(PROVIDED DATA):
○ ○ ○

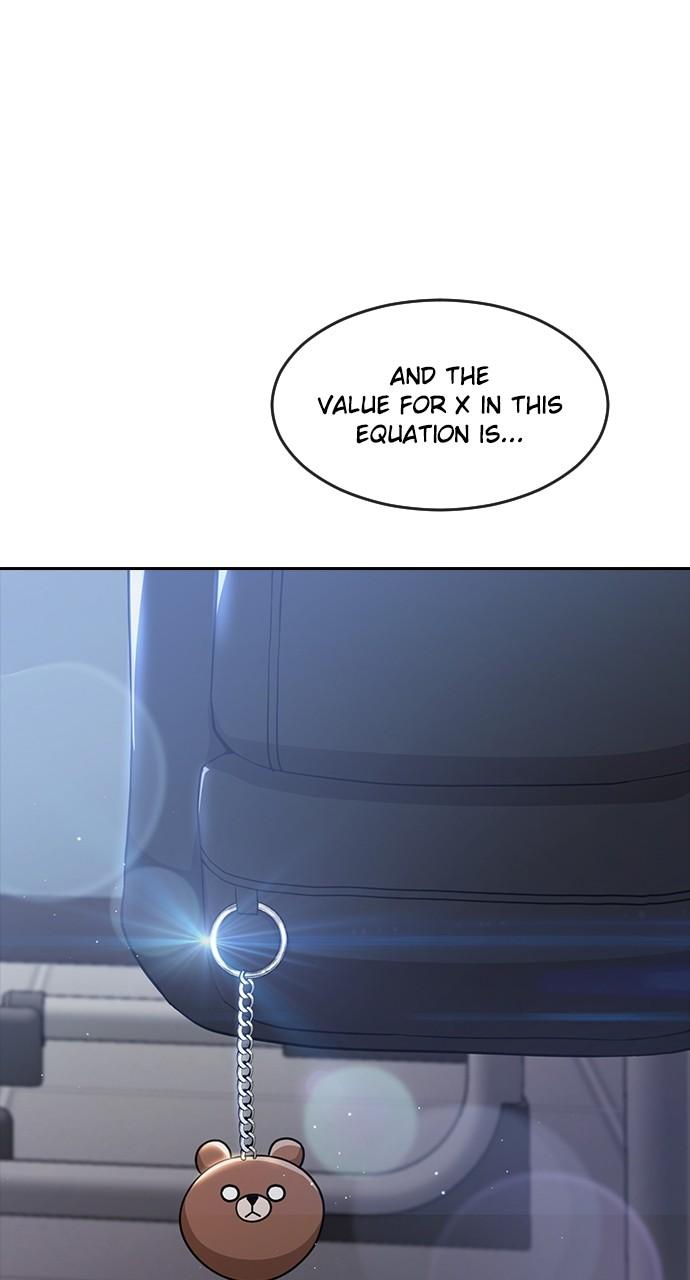 The Girl from Random Chatting! Chap 263 - Next Chap 264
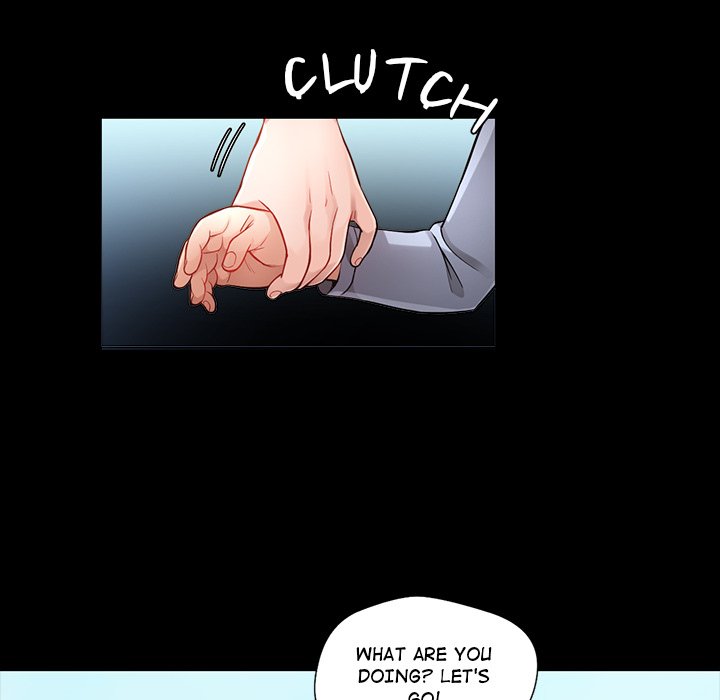 Wait I M A Married Woman chapter 1 page 26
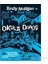 Okula Dönüş-Andy Mulligan 1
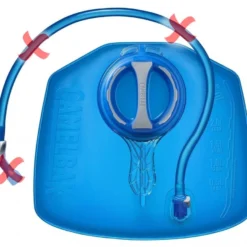 Camelbak Crux LR Reservoir 3 L (no Hose)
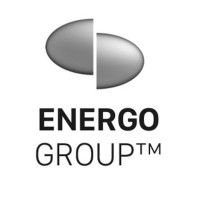 Energo Group logo - Similar company to Meldor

○ ○ ○

(WORK INSTRUCTIONS): Give back only the lines from the one that carries "Wait I M A Married Woman chapter 1 page 26" through the final line above, both included. Drop all pictures.

(ANSWER TO THIS PROBLEM):
 Wait I M A Married Woman chapter 1 page 26
 Okula Dönüş-Andy Mulligan 1
 Camelbak Crux LR Reservoir 3 L (no Hose)
 Energo Group logo - Similar company to Meldor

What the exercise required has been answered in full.